Già un primo fallito tentativo da parte dei “ribelli” aveva messo in allarme i soldati germanici che la sera del 23 giugno erano giunti sul posto con un automezzo allo scopo di impedire ai partigiani di compiere la definitiva distruzione del ponte.
Verso le 22:30 di quella sera ebbe inizio uno scontro durante il quale morirono alcuni tedeschi e i partigiani Enrico Cavicchioni (Comandante “Lupo”), Pasquino Pigoni “Maestro” e Guerrino Orlandini “Drago”. La reazione tedesca fu immediata e, alle 23:15 circa, 50 dei 140 uomini del presidio di Casina partirono dalla caserma e arrivarono alla Bettola autotrasportati.
La rappresaglia iniziò verso l’una della notte: i nazisti circondarono le poche case situate nei pressi del ponte. Prima entrarono nella casa di Liborio Prati e Felicita Prandi, due vecchi di 70 e 74 anni, riunirono la figlia vedova Marianna e la nipotina undicenne Liliana nella camera da letto e aprirono il fuoco contro di loro.
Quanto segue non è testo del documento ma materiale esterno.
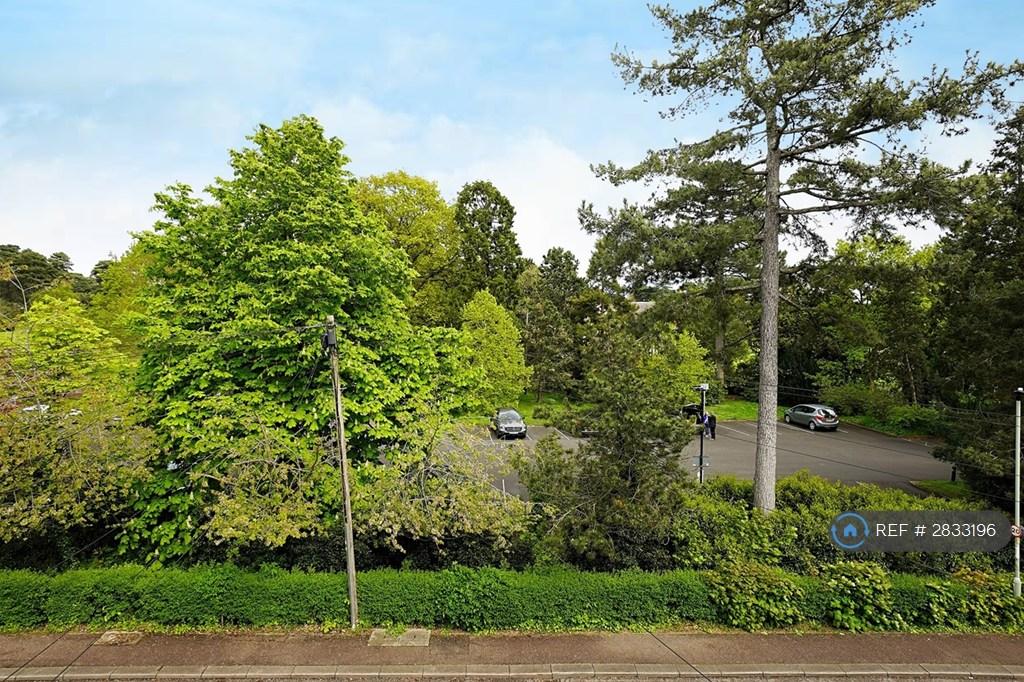 Bedford Park Opposite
Depredarono e incendiarono la casa. La piccola Liliana riuscì a sopravvivere gettandosi dalla finestra e trascinandosi ferita verso il fiume. Poi i nazisti passarono alla locanda, denominata Antico Albergo Ponte Bettola, dove si fecero aprire la porta dall’oste Romeo Beneventi. Fecero uscire le donne, i bambini e gli uomini: dapprima li costrinsero a rimanere a lungo a terra, poi li divisero in due gruppi per facilitarne l’eliminazione. I primi furono mitragliati, poi ricoperti di tronchi d’albero, cosparsi di benzina e dati alle fiamme per incenerirne i cadaveri.
Coloro che invece erano stati radunati dietro al grosso fabbricato, vennero trucidati a bastonate e a colpi di pistola, quindi gettati anch’essi nel rogo insieme agli altri. Tra di loro fu arso vivo anche Pietro Varini, un bimbo di appena 18 mesi. Altre due giovani donne furono violentate, uccise e anch’esse arse nel fuoco.
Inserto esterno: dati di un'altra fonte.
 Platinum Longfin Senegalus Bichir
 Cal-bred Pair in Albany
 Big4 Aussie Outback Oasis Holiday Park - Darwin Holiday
Oltre alla piccola Liliana, che il mattino seguente fu trovata da un contadino sul ciglio della strada, riuscirono a salvarsi l’oste, alcuni carrettieri nascosti in cantina e un giovane renitente rifugiatosi in un solaio. Alla fine si contarono 32 morti, in gran parte sfollati dalla città, braccianti, carrettieri di passaggio, uomini, donne e bambini di età compresa tra i 5 e i 74 anni.